The RRP greatly increases costs for widow replacements. According to WDMA, manufacturers and remodelers say that a standard window replacement project complying with RRP is more than $1,000 more expensive than it would be without the compliance requirements. That’s far higher than the EPA’s estimate of $35 to $376 in extra costs per project.
In August, WDMA announced that the association is working to secure a meeting with high-level officials at EPA to discuss unresolved issues with the RRP rule.
WDMA expressed support for Pruitt’s directive in a statement.
“WDMA is pleased that EPA has made the ‘sue and settle’ process more transparent for the public,” said Michael O’Brien, WDMA president and CEO. “By requiring the changes detailed in Administrator Pruitt’s directive, stakeholders will have more opportunities to participate in agency rulemaking and ensure regulations work effectively for all affected parties.”
WDMA also supports two pending “sue and settle” bills in Congress that would require agencies to disclose information about lawsuits and settlement agreements to Congress.

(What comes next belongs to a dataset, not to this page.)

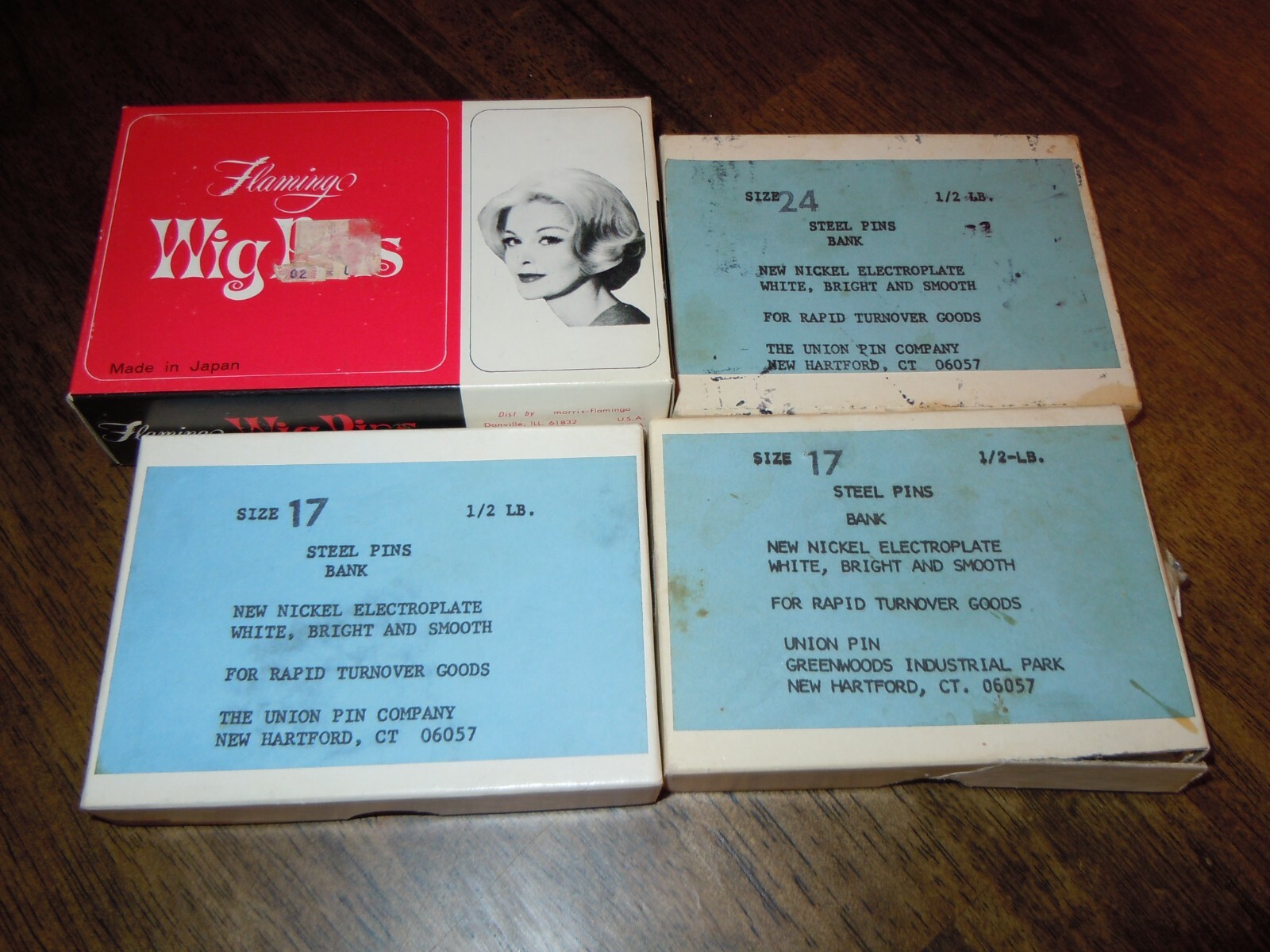 VTG Flamingo T-Pins 2″ Straight Wig Fabric Knitting Sewing Craft & Straight Pins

The National Association of Manufacturers (NAM) supports the end of “sue and settle” as well.
“As the entities primarily regulated by these settlement agreements and consent decrees, it is simply not fair that manufacturers are regularly left in the dark as EPA and other non-regulated entities work out the terms of our regulation behind closed doors,” said NAM vice president Ross Eisenberg. “Allowing an open, transparent settlement process that abides by the law is the right policy.”
The Associated General Contractors of America (AGC) also backs Pruitt’s directive.
“It is encouraging to see the administration announce that it will no longer surrender to litigious groups abusing the legal process to impose new, unworkable burdens on the business community,” said AGC CEO Stephen E. Sandherr. “By putting an end to back room agreements, the administrator is making sure that all affected parties have an opportunity to contribute to the discussion about measures needed to protect our environment.”
Pruitt’s order will require timelines for public notices of complaints against the EPA. It also increases outreach to industries affected by consent decrees or settlements and prevents attorney fees and litigation costs from being included in any settlements. EPA will now publish any notice of intent to sue the agency within 15 days of receiving one. According to the directive, any proposed or modified consent decree or settlement will be published for a 30-day public comment period, and a public hearing may be held if one is requested.
Andrew Grossman, an adjunct scholar at the libertarian Cato Institute in Washington, D.C., testified before Congress in 2015 and 2017 about “sue and settle,” noting that these consent decrees create an “artificial urgency” that leads to the rapid proliferation of new regulations. They also give organizations that initiate settlements undue influence within the government.